No matter your opinion on the recent Supreme Court ruling on the Affordable Care Act, changes mandated by that act might affect your finances in the future. Unfortunately, between the talking heads and angry individuals on both sides of the health care debate, it can be rather difficult to figure out exactly how your finances will be affected. Here is a basic breakdown of what the ACA will do for the average American:
Tax on the Uninsured
This is by far the most controversial aspect of the Supreme Court’s recent ruling. According to the court’s decision, Americans will be required to either have or buy health insurance as of 2014. Otherwise, you will pay a tax penalty of:
- 2014 – No more than $285 per family, or $95 for a single adult, or 1% of income, whichever is greater.
- 2015 – No more than $975 per family, or $325 for a single adult, or 2% of income, whichever is greater.
- 2016 – No more than $2,085 per family, or $625 for a single adult, or 2.5% of income, whichever is greater.
There are several exemptions for this penalty, however. There are eight categories of exemptions: “These include individuals who will be exempt for religious reasons — for example, Christian Scientists; incarcerated individuals; undocumented aliens; individuals who can’t afford coverage (i.e., their required contribution would exceed 8 percent of their household income); individuals who will be without coverage for less than three months; other individuals deemed to be in a ‘hardship situation,’ as will be defined eventually by the Secretary of Health and Human Services; individuals with incomes below the federal tax-filing threshold; and members of Indian tribes.”
No Exclusion for Pre-Existing Conditions
As of 2014, it will be illegal for insurance companies to deny or exclude coverage for those individuals who have pre-existing conditions. Children under the age of 19 who currently suffer from a pre-existing condition do not have to wait to apply: as of right now, health insurance plans cannot deny benefits to minors with pre-existing conditions. In addition, there are now national high-risk pools that individuals with pre-existing conditions can join in order to get health insurance sooner than 2014.
This provision of the ACA will make it much less likely that a chronic condition could lead to huge medical bills.
Are You Going to Be Fully Audited if You Don’t Pay Up?
The next big fear is that failure to pay will result in a tax audit.

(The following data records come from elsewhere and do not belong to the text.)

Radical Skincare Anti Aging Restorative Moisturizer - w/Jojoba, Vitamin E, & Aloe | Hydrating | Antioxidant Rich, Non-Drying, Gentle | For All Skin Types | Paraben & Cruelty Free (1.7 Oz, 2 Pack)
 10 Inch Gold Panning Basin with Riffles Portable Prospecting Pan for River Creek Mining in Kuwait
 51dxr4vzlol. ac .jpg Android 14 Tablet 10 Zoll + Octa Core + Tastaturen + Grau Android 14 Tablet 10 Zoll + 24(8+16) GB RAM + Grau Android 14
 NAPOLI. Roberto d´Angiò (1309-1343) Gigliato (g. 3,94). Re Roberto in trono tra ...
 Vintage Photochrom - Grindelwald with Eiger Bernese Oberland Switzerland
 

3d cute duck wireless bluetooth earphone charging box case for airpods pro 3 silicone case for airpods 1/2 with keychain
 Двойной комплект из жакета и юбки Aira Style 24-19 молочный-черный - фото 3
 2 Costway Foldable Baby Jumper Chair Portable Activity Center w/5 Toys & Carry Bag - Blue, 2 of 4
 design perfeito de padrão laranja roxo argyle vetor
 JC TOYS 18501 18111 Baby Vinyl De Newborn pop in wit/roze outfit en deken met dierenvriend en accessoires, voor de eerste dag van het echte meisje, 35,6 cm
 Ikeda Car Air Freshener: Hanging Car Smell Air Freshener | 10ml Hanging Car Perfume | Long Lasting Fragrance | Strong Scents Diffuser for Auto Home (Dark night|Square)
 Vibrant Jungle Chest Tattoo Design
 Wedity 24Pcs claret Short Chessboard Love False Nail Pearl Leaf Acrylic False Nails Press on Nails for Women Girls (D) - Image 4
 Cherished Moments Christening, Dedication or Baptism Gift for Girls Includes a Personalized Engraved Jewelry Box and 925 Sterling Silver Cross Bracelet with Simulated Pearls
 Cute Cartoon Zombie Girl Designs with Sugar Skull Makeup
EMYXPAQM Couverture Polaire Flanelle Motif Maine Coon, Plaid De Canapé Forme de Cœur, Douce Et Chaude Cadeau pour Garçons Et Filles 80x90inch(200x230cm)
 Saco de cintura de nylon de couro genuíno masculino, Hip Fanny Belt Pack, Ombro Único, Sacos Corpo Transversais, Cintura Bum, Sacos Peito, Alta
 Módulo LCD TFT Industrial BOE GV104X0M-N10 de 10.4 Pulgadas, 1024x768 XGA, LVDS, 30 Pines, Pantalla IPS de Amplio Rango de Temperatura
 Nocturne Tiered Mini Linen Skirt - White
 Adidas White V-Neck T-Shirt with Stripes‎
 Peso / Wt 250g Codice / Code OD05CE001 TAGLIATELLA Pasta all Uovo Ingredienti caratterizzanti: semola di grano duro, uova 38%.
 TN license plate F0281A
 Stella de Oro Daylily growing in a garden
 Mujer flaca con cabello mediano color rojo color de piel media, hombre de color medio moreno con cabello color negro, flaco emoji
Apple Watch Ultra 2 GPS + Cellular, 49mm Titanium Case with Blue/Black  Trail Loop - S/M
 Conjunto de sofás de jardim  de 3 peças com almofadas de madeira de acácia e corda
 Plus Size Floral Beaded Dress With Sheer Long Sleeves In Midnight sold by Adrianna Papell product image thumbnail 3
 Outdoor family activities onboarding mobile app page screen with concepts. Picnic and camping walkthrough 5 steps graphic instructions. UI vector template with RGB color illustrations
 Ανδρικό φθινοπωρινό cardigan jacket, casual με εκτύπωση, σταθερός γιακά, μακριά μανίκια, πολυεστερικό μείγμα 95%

You probably won’t be audited if you don’t pay the penalty. Instead, the IRS will send you a letter letting you know that Uncle Sam wants your money. The law makes it clear that failure to pay the penalty won’t result in criminal charges. Additionally, the government can’t put levies or liens on your property to collect this penalty. Instead, you are likely to be subject to a withholding of future tax refunds. So, if you’re due a refund, and you haven’t paid your penalty for not having health insurance, you might not receive the money, since it will be used to pay what you owe.
Effect on the American Economy
It is unlikely that any economist can puzzle out the exact effect this ruling will have on the American economy. However, we do know that the federal government expects to spend over $1 trillion over the next ten years in order to subsidize health care coverage and expand Medicaid eligibility.
It is important to note that some experts expect the new law to reduce the deficit. According to CNN.com, “the nonpartisan Congressional Budget Office estimated that the law could reduce deficits modestly in the first 10 years and then much more significantly in the second decade.”
Part of the reason why it is difficult to determine the overall economic fallout of this decision is because we cannot easily calculate the costs of continuing to have so many Americans remain uninsured.
The Bottom Line
The intention of this law is to make health care affordable for all Americans. While there may be some growing pains as we adjust to the individual mandate and other aspects of the ACA, overall this ruling should help the bottom line of families and individuals.